At this very moment I am thinking of some of the titans of American broadcast journalism, men and women who sought the truth and told it to us without fear of recrimination.
You know who they are: Mike Wallace, Ed Bradley, Leslie Stahl, Bob Simon, Harry Reasoner, Morley Safer, Diane Sawyer, Dan Rather and now … Scott Pelley.
They all worked for “60 Minutes,” the premier TV news show that exposed everything — good and bad — about the government for which we pay. Pelley, a West Texas native, recently spoke aloud about the dangers of censorship and government overreach being inflicted by the Donald J. Trump administration, which seeks to control the news that’s being reported.
Pelley has lost his job at “60 Minutes,” along with reporters Cecelia Vega and Sharyn Alfonsi.

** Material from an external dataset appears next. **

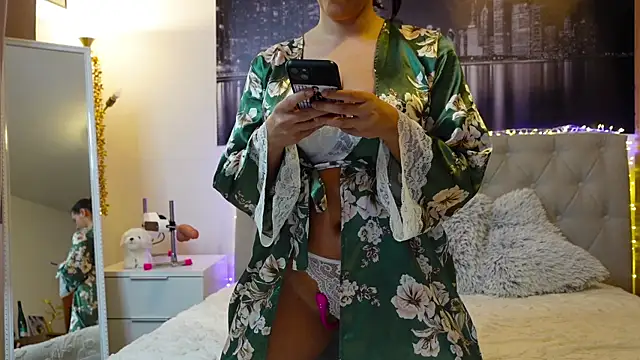 Lora Chanel online show from 15, 5, 2026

This is a dark time for American journalism.
Pelley’s ouster hits me in a vaguely visceral way. I don’t know him, but I am good friends with a fellow West Texan who attended Texas Tech University with Pelley. My friend is now retired from journalism and he has told me a story or two about Pelley’s journey into the spotlight.
The First Amendment is supposed to guarantee a free and unfettered press. Congress “shall make no law” that seeks to control the media, the amendment declares. Trump has engineered the takeover of CBS News by MAGA-friendly execs. They have executed the removal of journalists they deem as threats to the POTUS. We are witnessing a disgraceful flouting of the very rights the First Amendment guarantees to maintin our representative democracy.
I just might join that movement to boycott CBS News.